Une intervention qui reste douloureuse

Et il faut le rappeler, ce sont des interventions qui parfois sont douloureuses…

Une intervention de chirurgie esthétique, c’est une vraie chirurgie. Il va falloir couper certains muscles pour mettre les prothèses mammaires. Il va falloir tirer sur la peau et ça fait mal. Ce n’est pas du tout une intervention à prendre à la légère.

On va aborder un sujet délicat : beaucoup de femmes partent à l’étranger se faire opérer par des médecins souvent sans scrupules ou qui prennent moins d’argent. Et quand ça tourne mal, ces patientes vous appellent au secours. Les prenez-vous en charge ? Qui paye ces errements, et pouvez-vous réparer les dégâts ?

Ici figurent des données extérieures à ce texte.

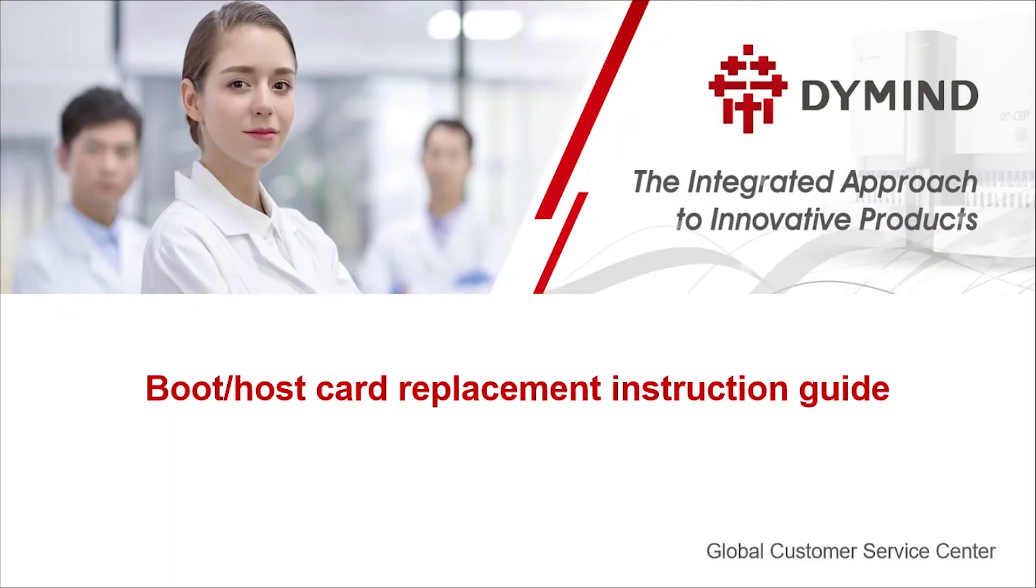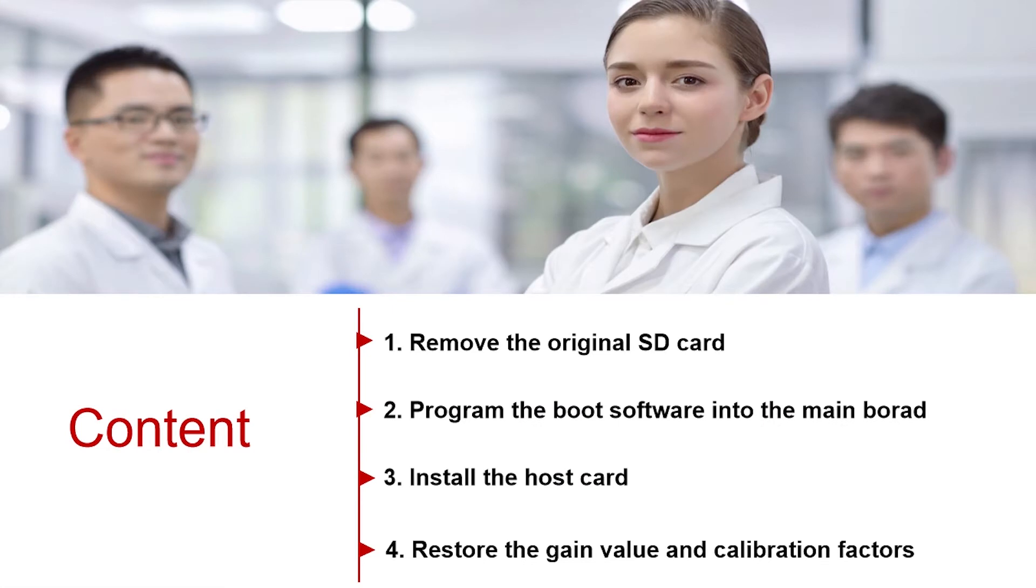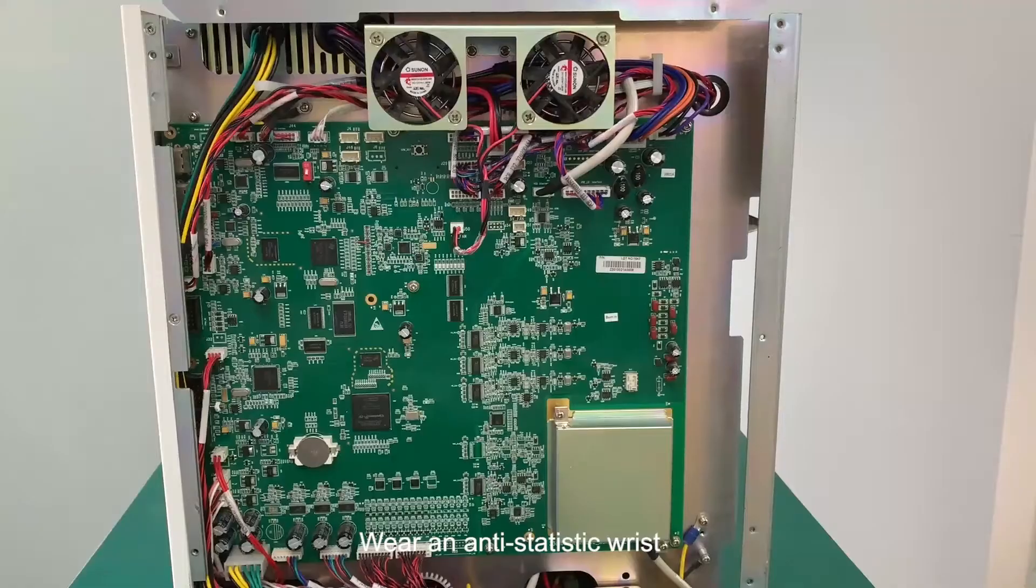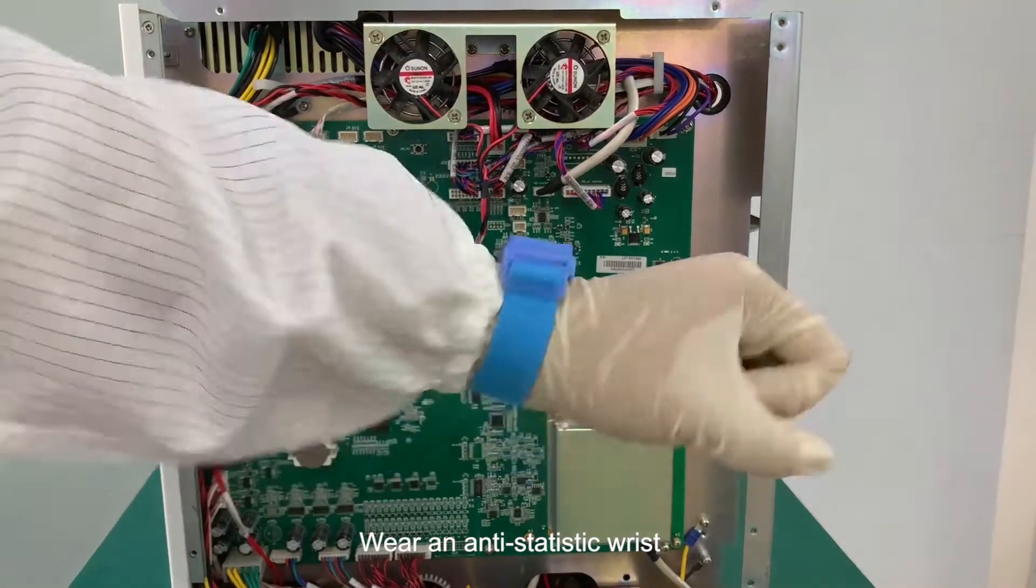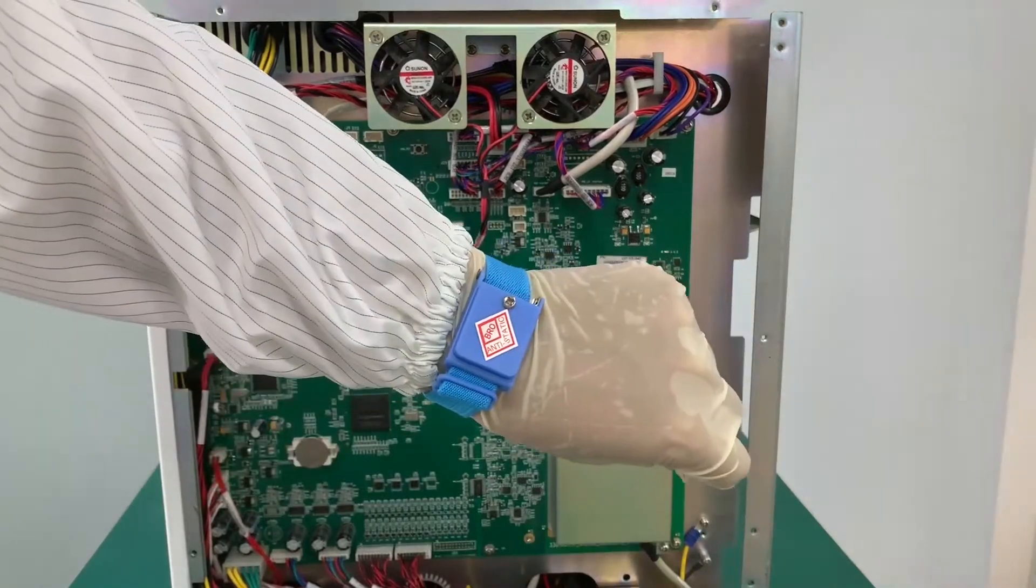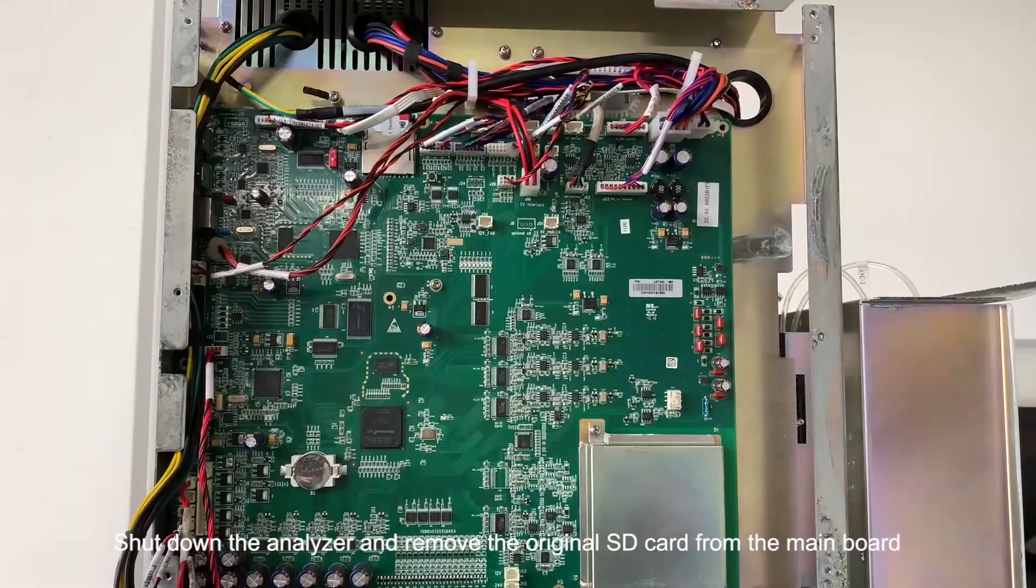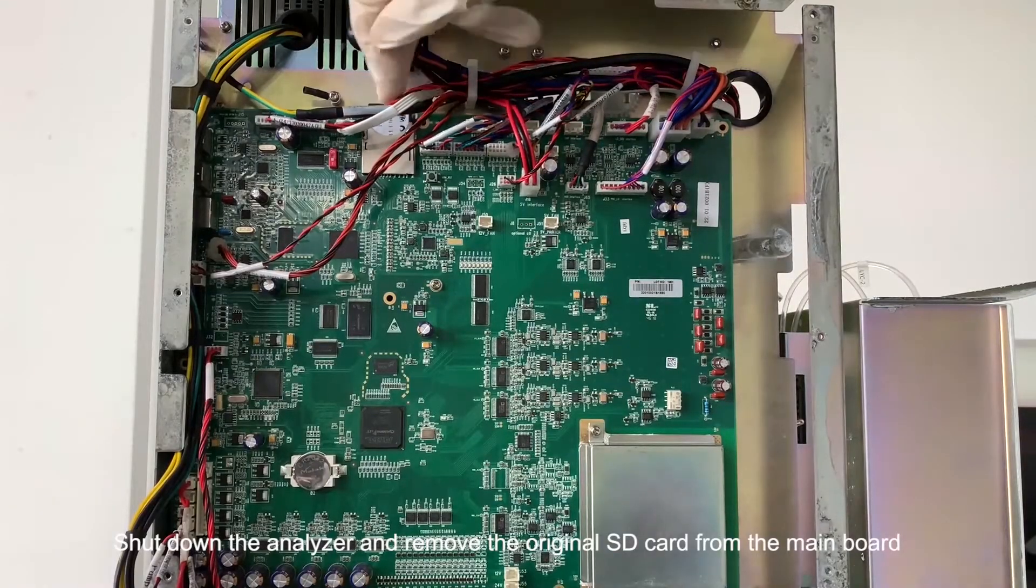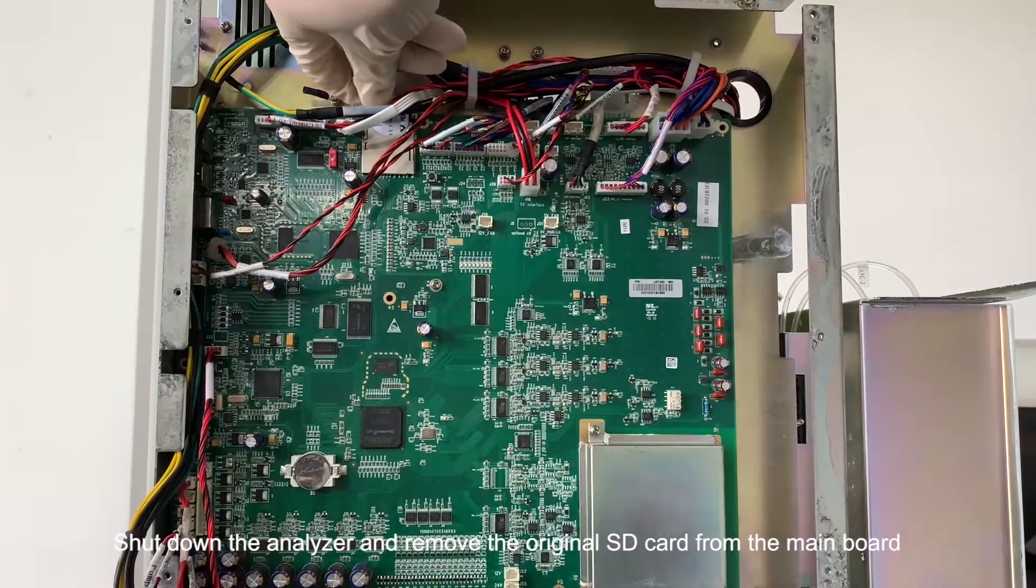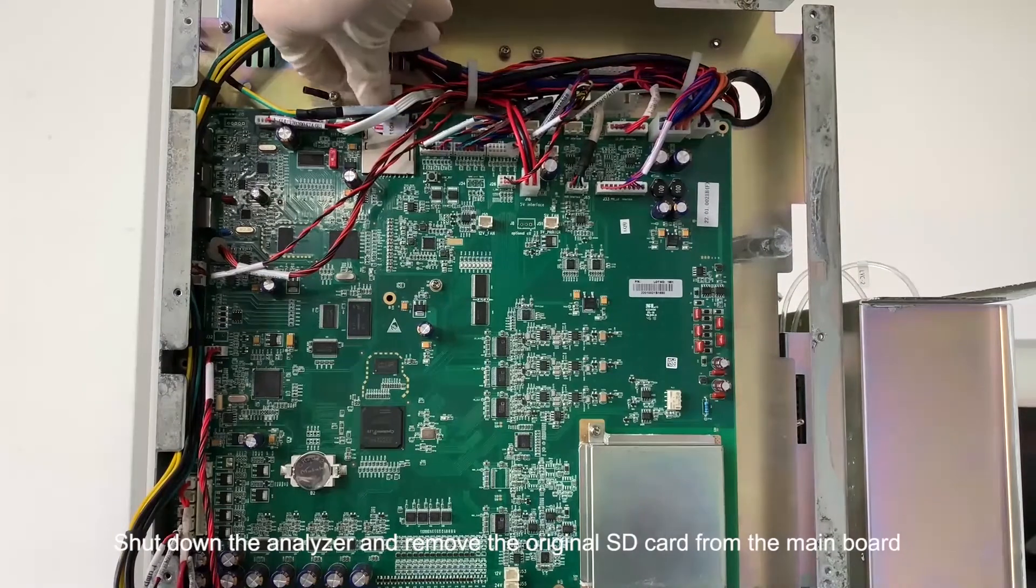This video shows how to replace boot and host SD card. Wear an anti-static wrist strap. Shut down the analyzer and remove the original SD card from the main board.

Oui, tout à fait. Quand la chirurgie tourne mal à l’étranger et que la patiente est domiciliée dans la région PACA, elle va forcément terminer dans le service de chirurgie plastique du CHU de Marseille, dans mon service à l’hôpital de La Conception. Cette chirurgie, malheureusement, va nécessiter très souvent des réinterventions, un retour au bloc opératoire, des hospitalisations qui peuvent durer 2 ou 3 semaines. Toute cette chirurgie là est prise en charge par la Sécurité sociale, par le contribuable, et ça représente un vrai coût de santé.

Des patientes opérées comme des grands brûlés !

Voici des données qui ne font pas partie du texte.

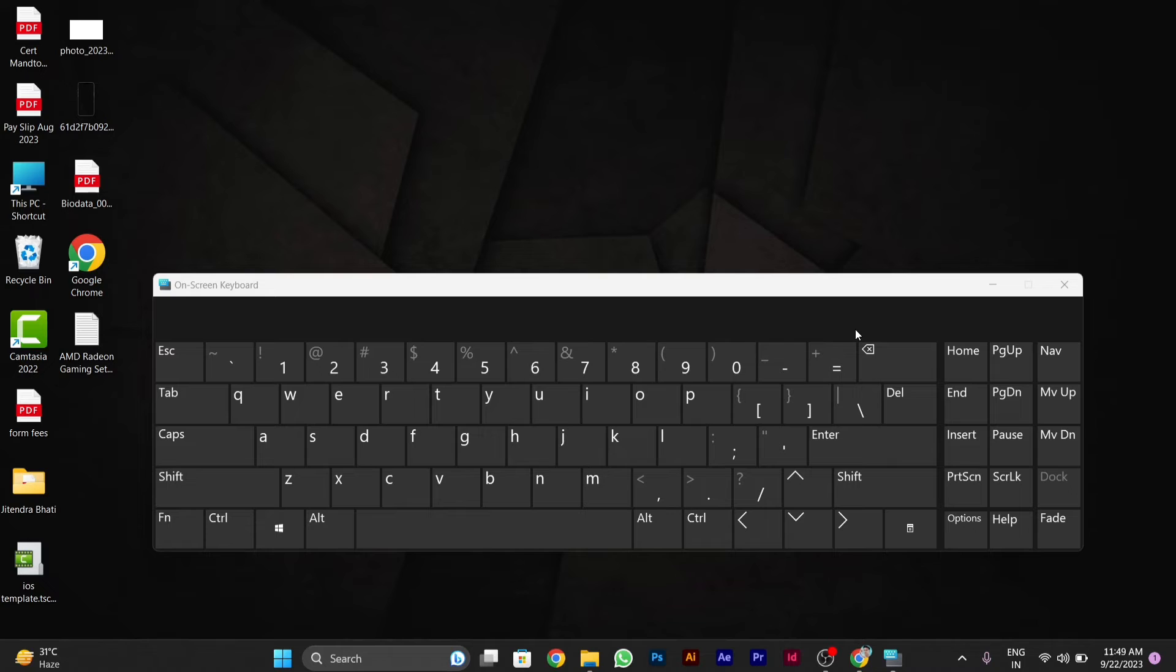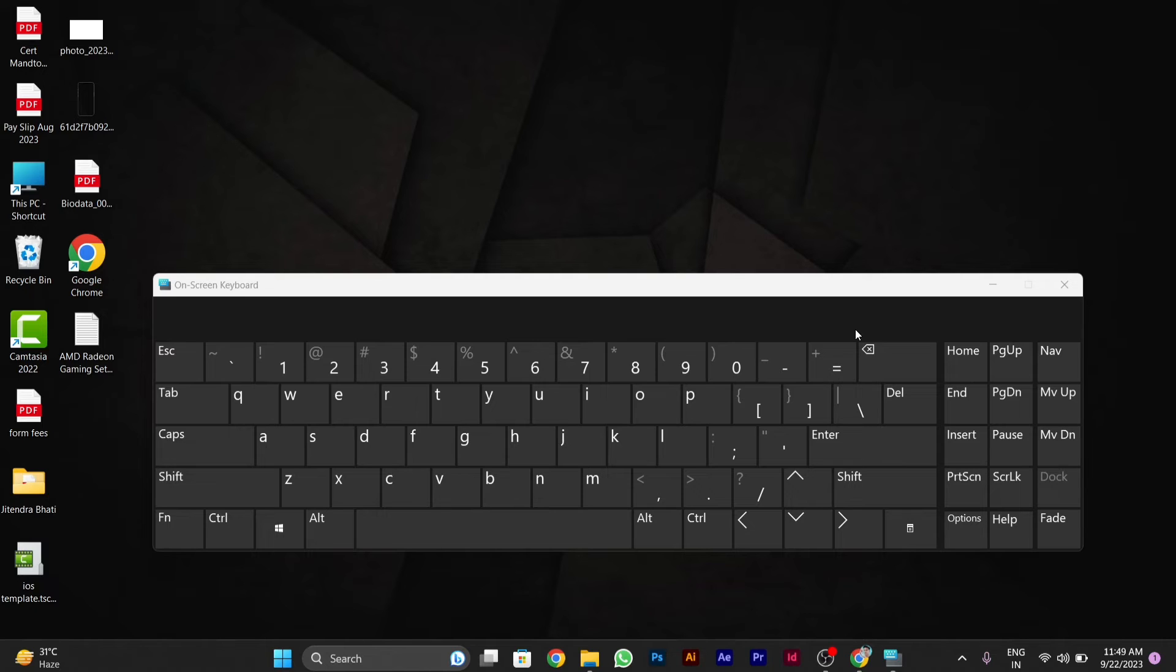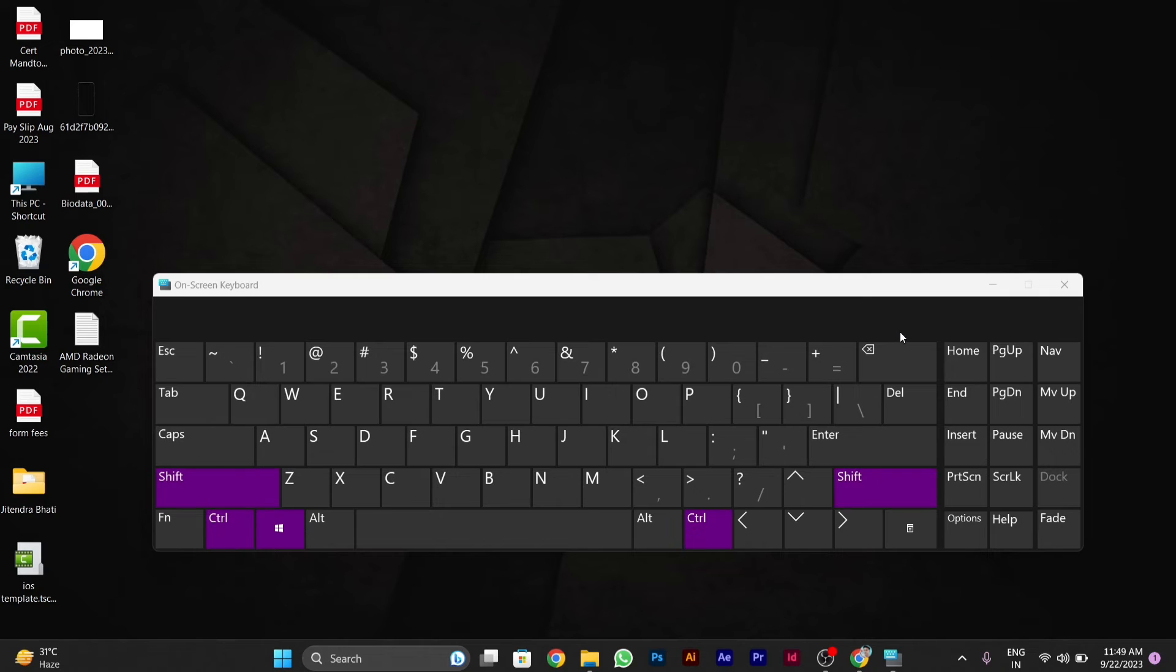For restarting your graphic card, first of all you will have to select your Windows key. After you click on Windows key, then you have to click on Control, then Shift.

Ce sont des patientes qui se retrouvent avec des infections, il faut retirer les prothèses qu’on leur a mises ?

Cela peut être des infections de prothèse, des infections de graisse injectée, de la peau qui nécrose au niveau du visage, sur des liftings, au niveau du ventre. Ce qui va nécessiter des réinterventions pour aller enlever toute cette infection, pour enlever la peau nécrosée. Cela peut être de la chirurgie comme chez les grands brûlés, avec des greffes de peau, donc de la chirurgie lourde.

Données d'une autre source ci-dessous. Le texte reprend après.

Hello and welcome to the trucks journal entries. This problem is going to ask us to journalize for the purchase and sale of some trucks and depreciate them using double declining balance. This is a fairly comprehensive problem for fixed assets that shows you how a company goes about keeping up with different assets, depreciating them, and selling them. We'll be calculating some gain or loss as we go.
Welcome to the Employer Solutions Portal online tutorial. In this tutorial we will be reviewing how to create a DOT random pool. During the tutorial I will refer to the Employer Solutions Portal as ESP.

De plus en plus d’injections illégales et dangereuses à Marseille

Vous pointez également un phénomène inquiétant : ce sont toutes ces personnes qui pratiquent illégalement, alors cette fois-ci en France, la médecine esthétique. C’est particulièrement prégnant à Marseille. C’est un danger pour les femmes. De quoi s’agit-il ?

Effectivement ! On se rend compte à Marseille qu’on a de plus en plus de patientes qui se font injecter par des personnes qui ne sont pas médecins, même pas infirmières, ni esthéticiennes, qui se forment sur le tas, qui ont de magnifiques sites Instagram et qui accueillent les patientes souvent dans des airbnb. Elles les injectent avec des produits qui sont interdits d’utilisation en France. Donc c’est un exercice illégal de la médecine, avec des vrais risques d’abord d’injecter mal le produit, c’est-à-dire que ce ne soit pas joli. Ensuite le risque est que ces produits soient injectés par exemple dans des vaisseaux, qu’on ait des thromboses avec comme des infarctus au niveau de la lèvre, avec une véritable nécrose. Il y a des problèmes d’infection et on se retrouve, nous, dans le service, à gérer ces mauvaises injections avec des dégâts parfois importants.

Les produits sont malheureusement en vente libre sur certaines plateformes de vente sur internet, donc vous pouvez commander ces produits là qui ne sont pas agréés pour être injectés en France. Ils vont créer des allergies, des granulomes, vous allez vous retrouver avec des boules dans les lèvres, avec des boules dans les joues et qui vont rester ad vitam aeternam. Tous les produits qu’on injecte en médecine esthétique sont des produits qui au bout de 6 mois se résorbent et donc ne créent pas de dégâts, de fibroses, de granulomes. Ces produits qui coûtent beaucoup moins chers sur internet vont créer des dégâts parce qu’ils ne sont pas purs, ils sont mal fabriqués et votre corps humain va les rejeter et cela crée de vrais problèmes de santé.